• _TASK DETAILS_: Repeat every record exactly, but keep images out of the copy.

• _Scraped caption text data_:
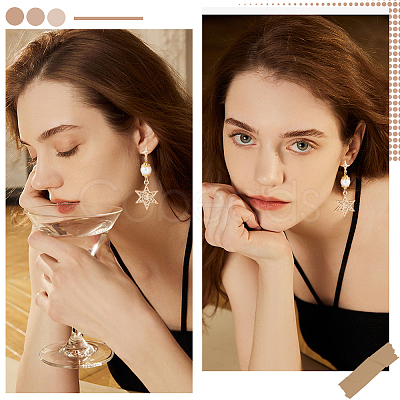 10Pcs Star Shape Brass Cubic Zirconia Stud Earring Findings KK-BBC0012-69-1
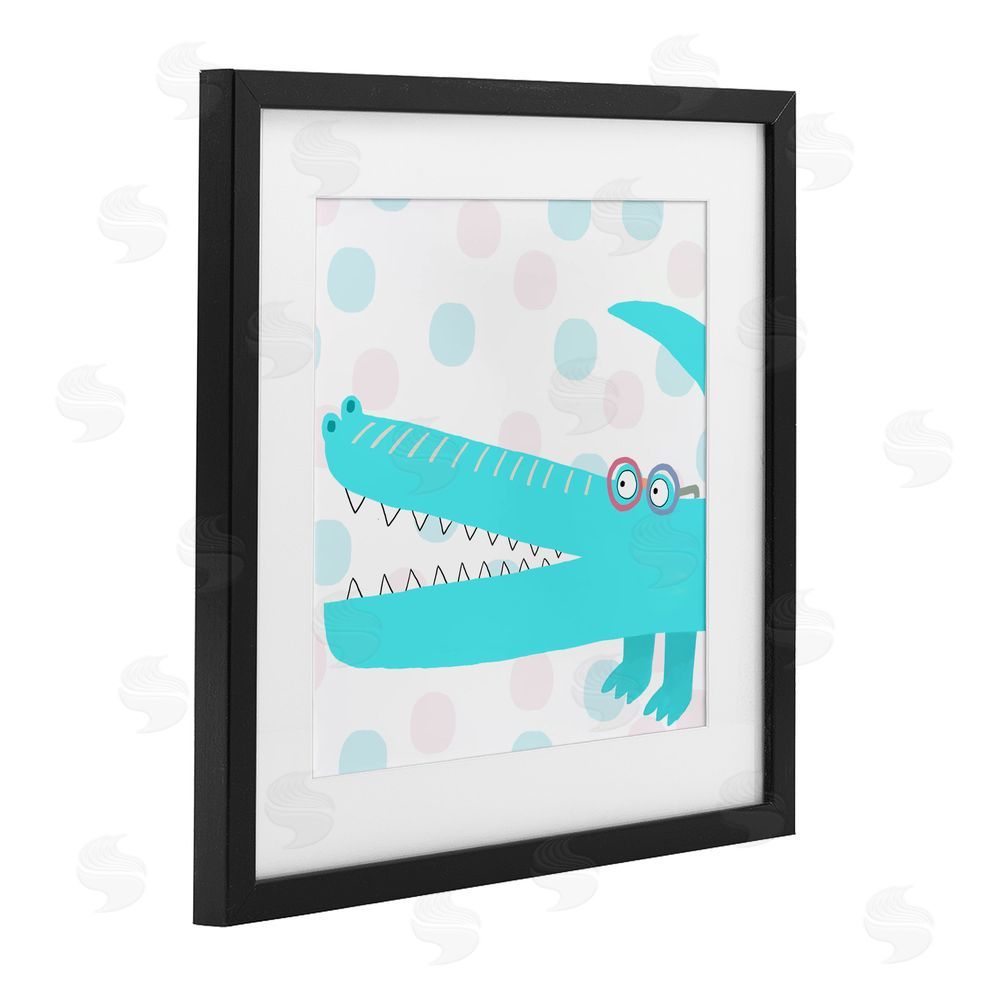 Carla Daly Electric Blue Crocodile Black Framed Print Under Glass with Mat Wall Art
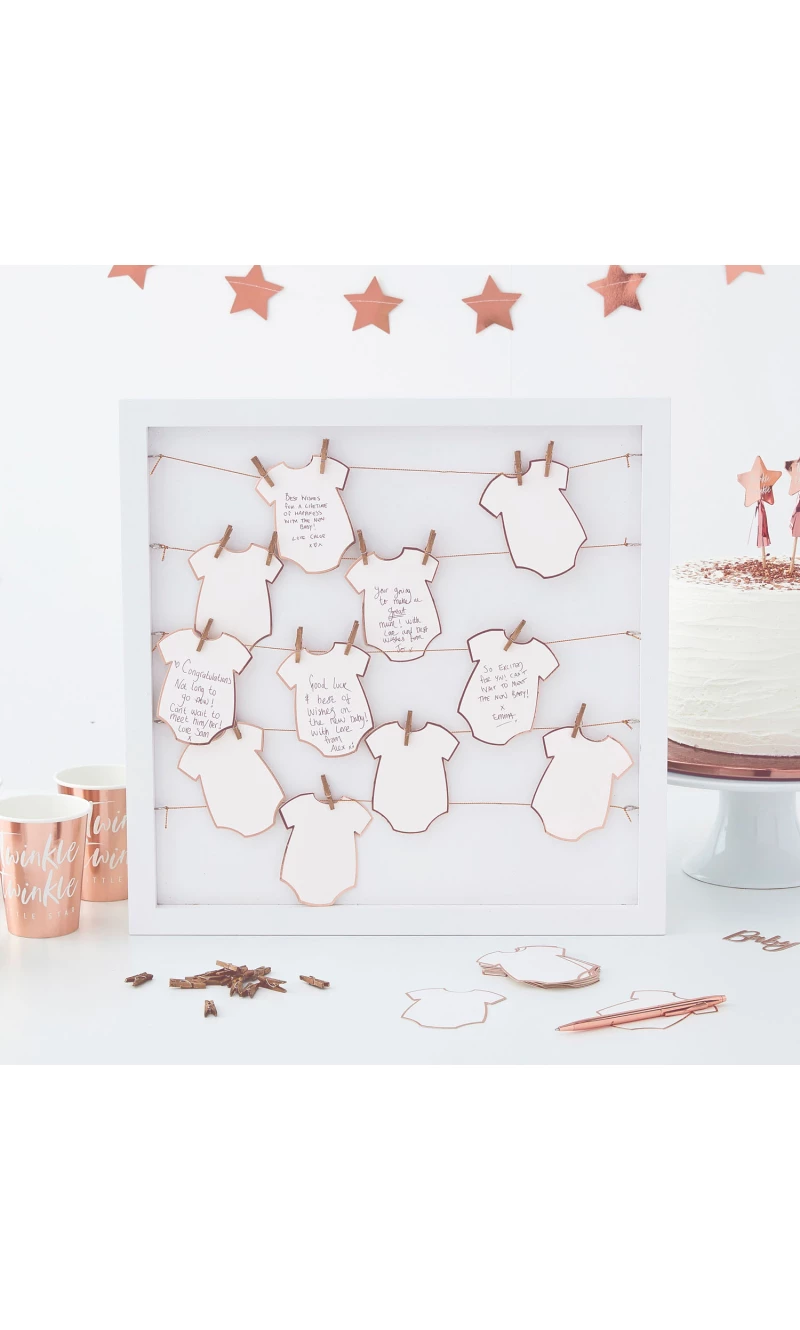 Babygrow Frame Baby Shower Guest Book - 40cm x 40cm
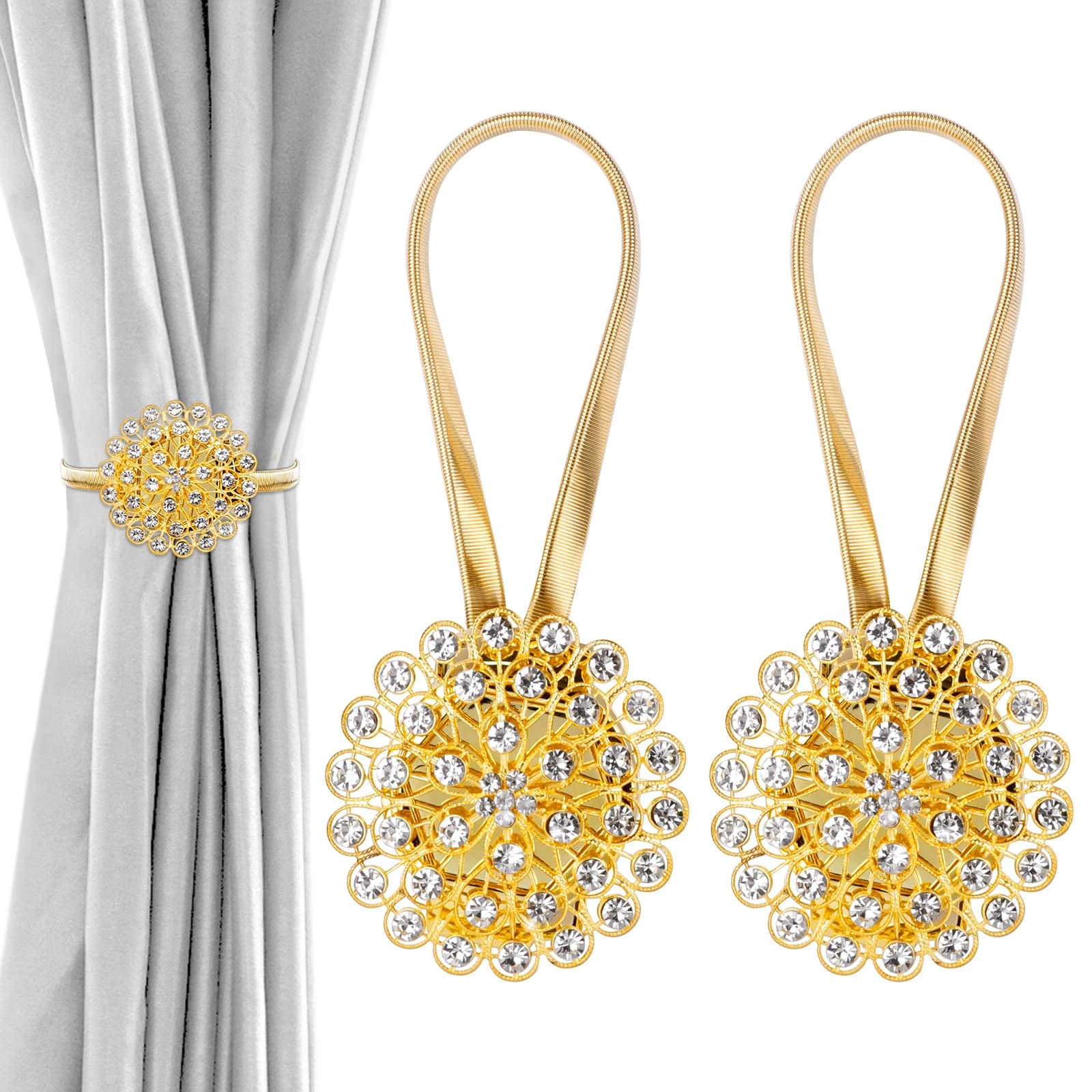 UOIXPUHUO 2Pcs Magnetic Curtain Tiebacks, Curtain Holdbacks Holders with High Stretchy Wire Rope for Drapes, Decorative Curtain Tie Backs Buckle Hooks No Drilling for Home Office Decor (Golden)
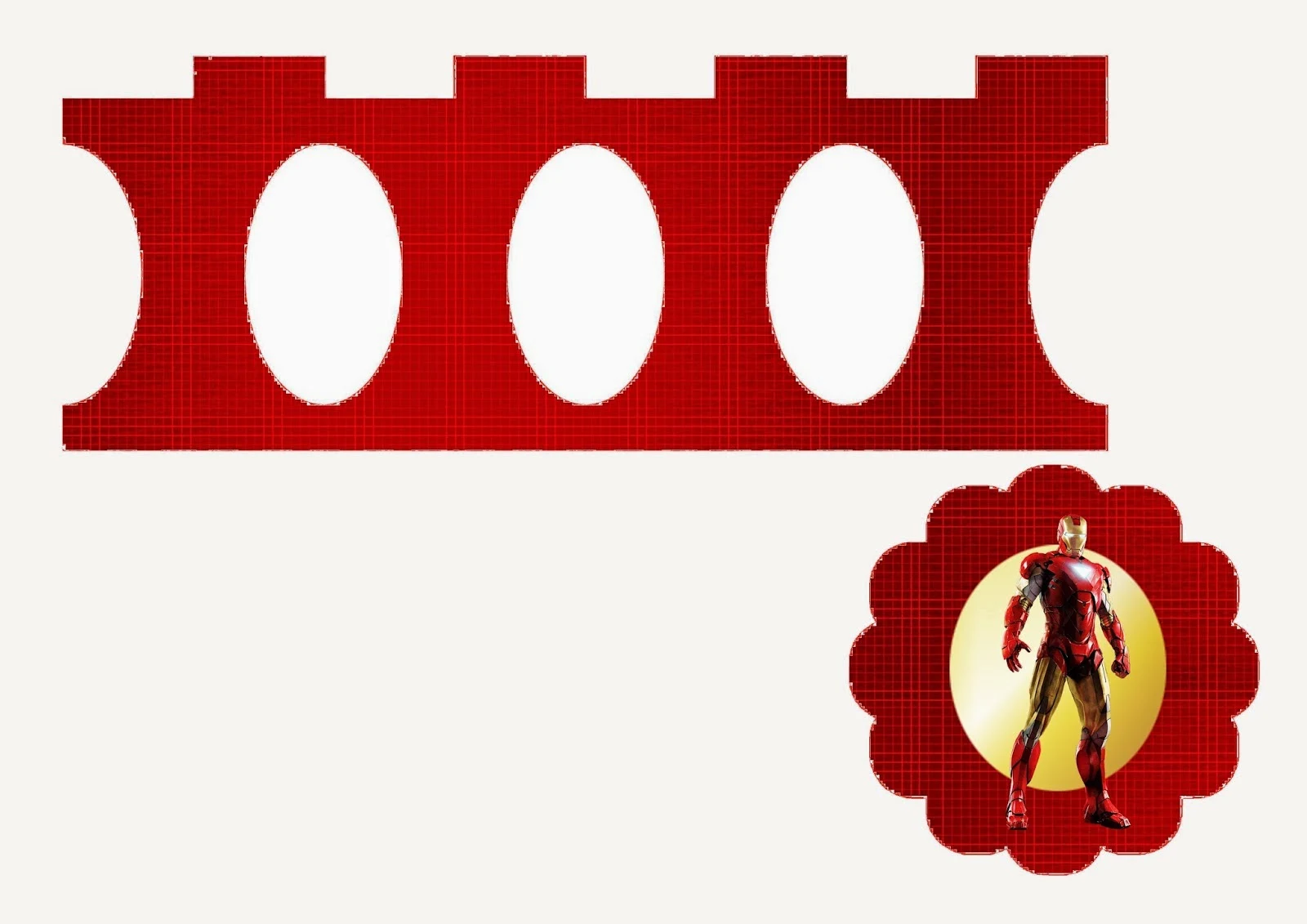 Iron Man Rojo y  Dorado: Stand para Cupcakes para Imprimir Gratis.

• _YOUR RESPONSE_:
 10Pcs Star Shape Brass Cubic Zirconia Stud Earring Findings KK-BBC0012-69-1
 Carla Daly Electric Blue Crocodile Black Framed Print Under Glass with Mat Wall Art
 Babygrow Frame Baby Shower Guest Book - 40cm x 40cm
 UOIXPUHUO 2Pcs Magnetic Curtain Tiebacks, Curtain Holdbacks Holders with High Stretchy Wire Rope for Drapes, Decorative Curtain Tie Backs Buckle Hooks No Drilling for Home Office Decor (Golden)
 Iron Man Rojo y  Dorado: Stand para Cupcakes para Imprimir Gratis.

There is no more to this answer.